▶ **The task**
Set the data below down again, exactly, with every picture left out.

▶ **Data for review**
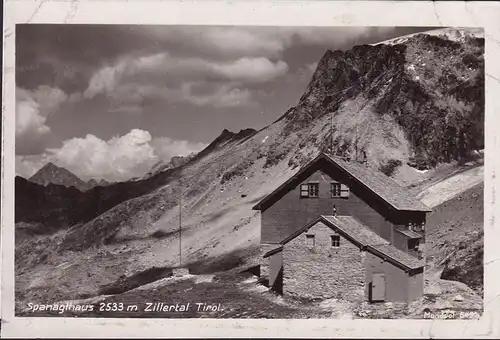 AK Hintertux, Spanaglhaus mit Gefrorener Wand, ungelaufen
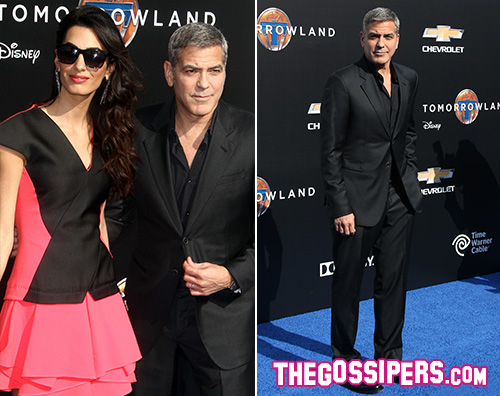 George Amal Tomorwland premiere George Clooney e Amal alla premiere di Tomorrowland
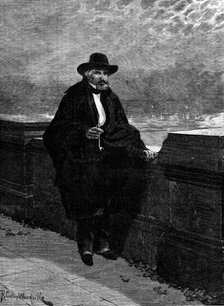 A Moonlight Night at Chelsea: a reminiscence of Thomas Carlyle, 1881. Creator: Unknown.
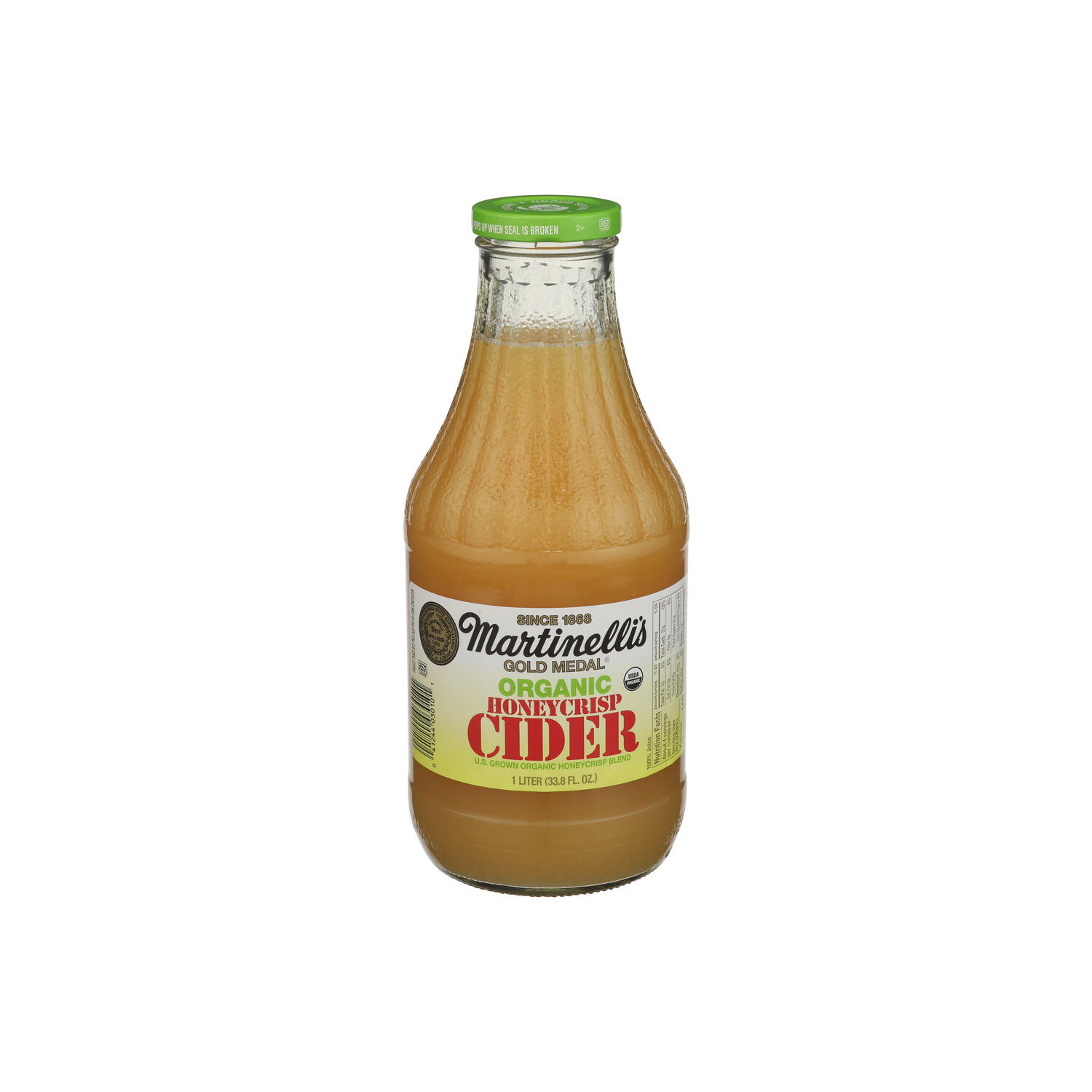 Martinelli's Organic Gold Medal Honeycrisp Apple Cider - 1 Liter Image 1 of 4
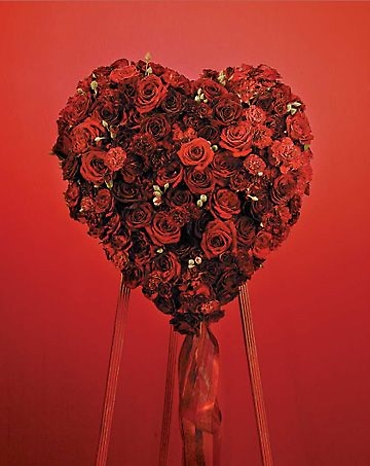 Monochromatic Red heart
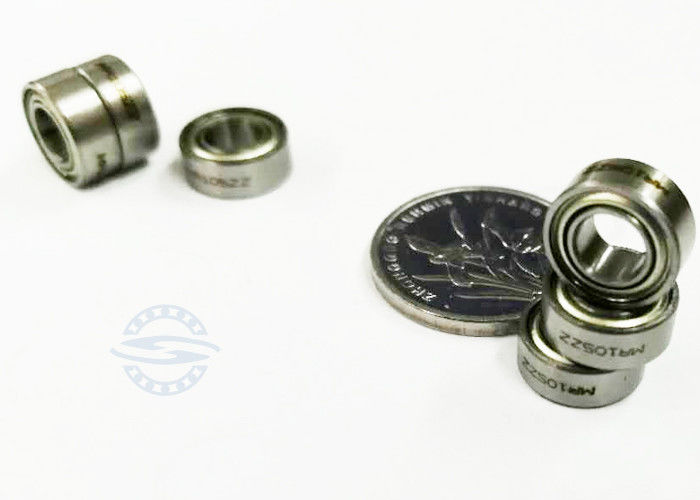 R144 ZZ Mini bantalan bola dalam alur Ukuran 3.175x6.35x2.799mm Buka RI418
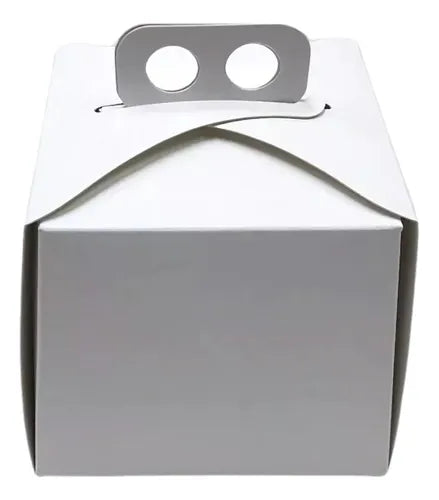cod: 2572 (10u) CAJAS BLANCAS PARA TORTAS  AGING PANADERIA - medida: 10x10x5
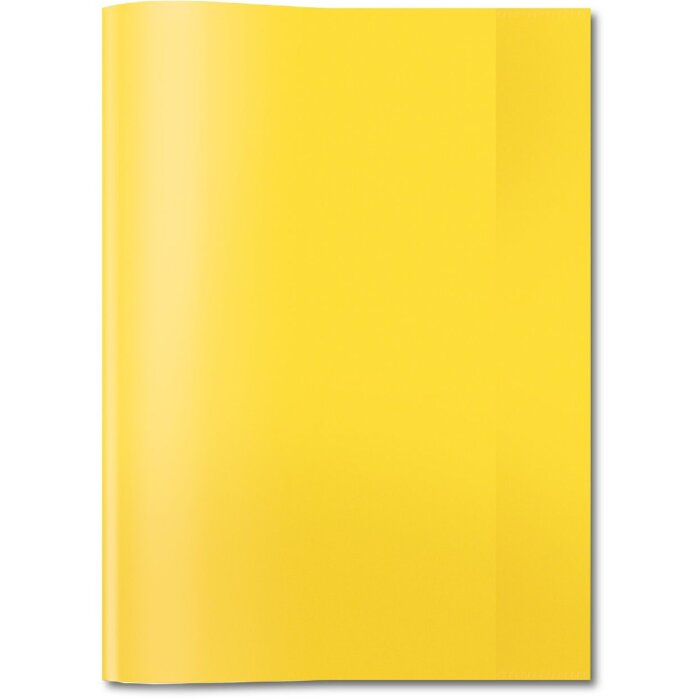 Exercise book cover PP A4 transparent-yellow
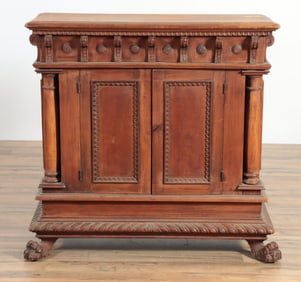 Italian Baroque Revival Stained Cherry Cabinet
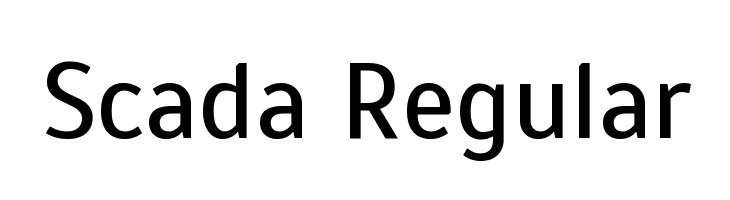 Scada Regular Font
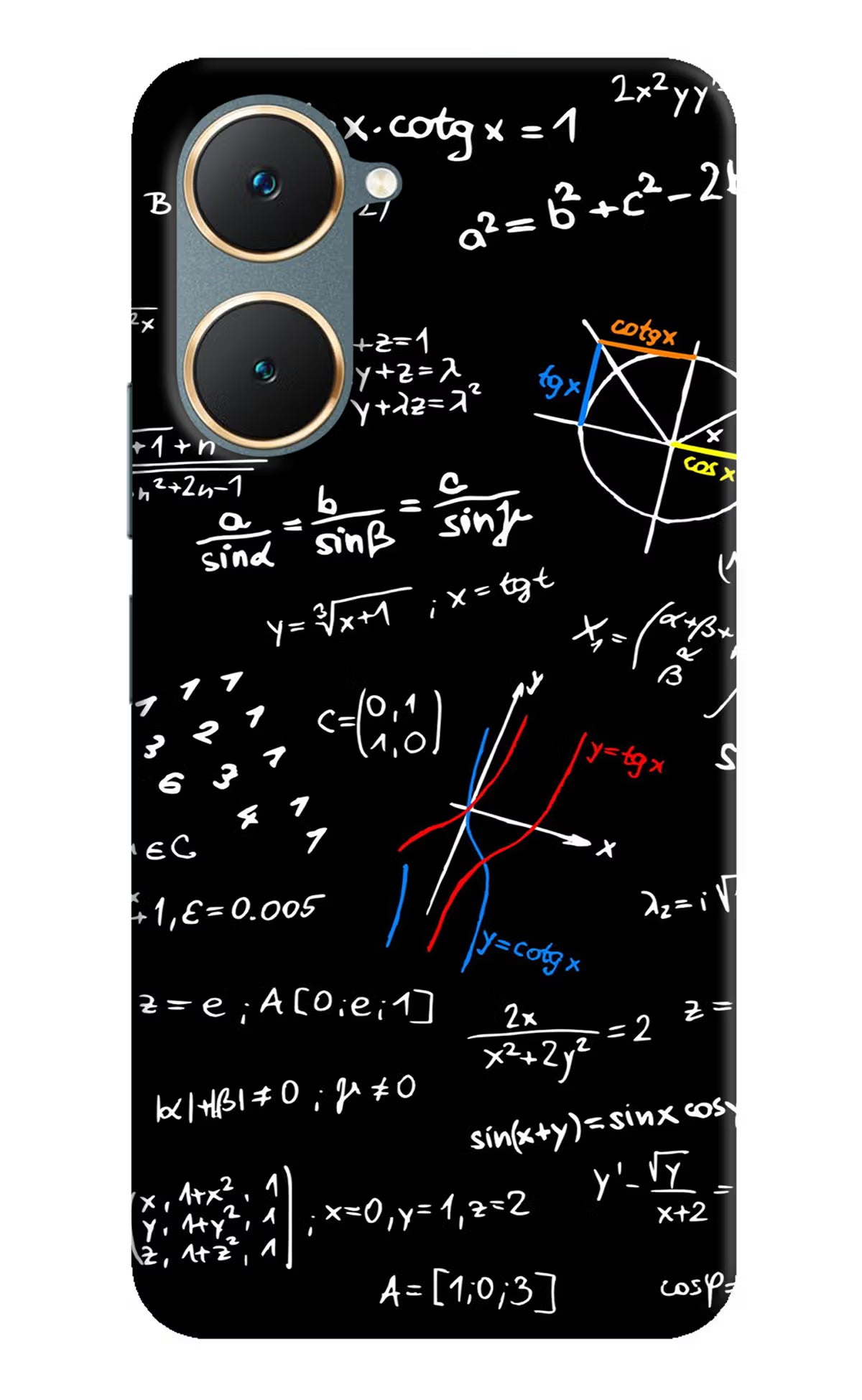 Mathematics Formula Vivo Y18/Y18e Hard Case Back Cover by Casekaro
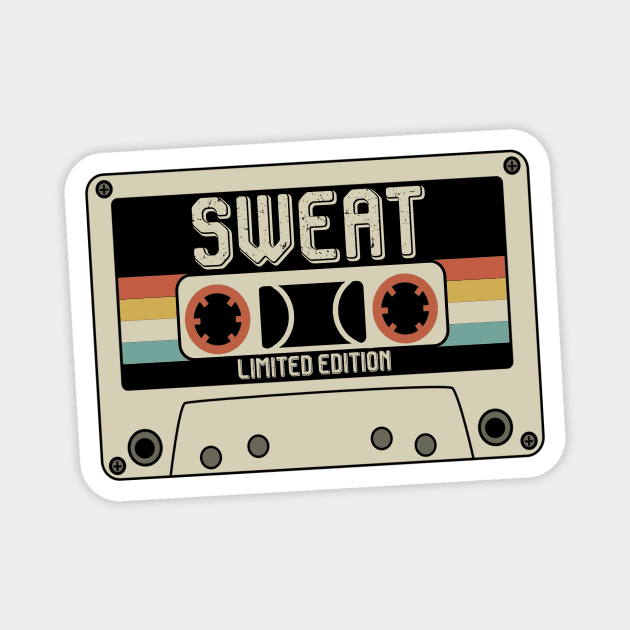 Sweat - Limited Edition - Vintage Style Magnet by Debbie Art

▶ **Output of the task**
 AK Hintertux, Spanaglhaus mit Gefrorener Wand, ungelaufen
 George Amal Tomorwland premiere George Clooney e Amal alla premiere di Tomorrowland
 A Moonlight Night at Chelsea: a reminiscence of Thomas Carlyle, 1881. Creator: Unknown.
 Martinelli's Organic Gold Medal Honeycrisp Apple Cider - 1 Liter Image 1 of 4
 Monochromatic Red heart
 R144 ZZ Mini bantalan bola dalam alur Ukuran 3.175x6.35x2.799mm Buka RI418
cod: 2572 (10u) CAJAS BLANCAS PARA TORTAS  AGING PANADERIA - medida: 10x10x5
 Exercise book cover PP A4 transparent-yellow
 Italian Baroque Revival Stained Cherry Cabinet
 Scada Regular Font
 Mathematics Formula Vivo Y18/Y18e Hard Case Back Cover by Casekaro
 Sweat - Limited Edition - Vintage Style Magnet by Debbie Art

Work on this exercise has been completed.